2The respondent brought a preliminary issue hearing for a determination that the applicant is barred by s. 55 of the Schedule from disputing its denials because he failed to attend several insurer’s examinations (“IEs”) required under s. 44.
PRELIMINARY ISSUE
3The preliminary issue to be determined is:
i. Whether the applicant is barred from proceeding with his application to the Tribunal pursuant to s. 55(2) of the Schedule as the respondent has provided the applicant with notice that it requires an examination under s. 44, but the applicant has not complied?
RESULT
4I find that the IE notices for the attendant care assessment and the psychological assessment did not comply with the Schedule. I also find that the respondent did not provide an IE notice in relation to the physiotherapy treatment plan.

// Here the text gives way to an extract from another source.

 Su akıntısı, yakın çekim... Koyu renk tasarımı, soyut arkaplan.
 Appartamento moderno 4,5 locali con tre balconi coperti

5Therefore, I find that s. 55(1)2 does not apply because the respondent’s IE notices did not comply with the Schedule. The applicant is not precluded from applying to the Tribunal for failing to attend the IEs.
ANALYSIS
6The respondent denied the applicant’s claims for attendant care benefits, a psychological assessment and physiotherapy treatment on the basis that the applicant had sustained a predominantly “minor injury” and was subject to the MIG limit of $3,500.00.
7In doing so, the respondent scheduled IEs to determine whether the applicant’s injuries fell within the MIG and whether the benefits claimed were reasonable and necessary.
8The applicant did not attend any of these IEs as scheduled. The applicant submits that the respondent failed to comply with the Schedule in scheduling or requesting his attendance at the IEs.
9The respondent submits that its notices were proper and, pursuant to s. 55 of the Schedule, this application should therefore be dismissed since the applicant failed to attend the IEs.
10I will first address the sufficiency of the notices.
Sufficiency of notices
11Section 55(1)2 sets out that, if an insurer gives an insured notice in accordance with the Schedule that it requires an insurer’s examination, and if the insured does not comply with that notice, then the insured shall not apply to the Tribunal. Section 55(2) permits the Tribunal to allow an insured to apply despite any such non-compliance.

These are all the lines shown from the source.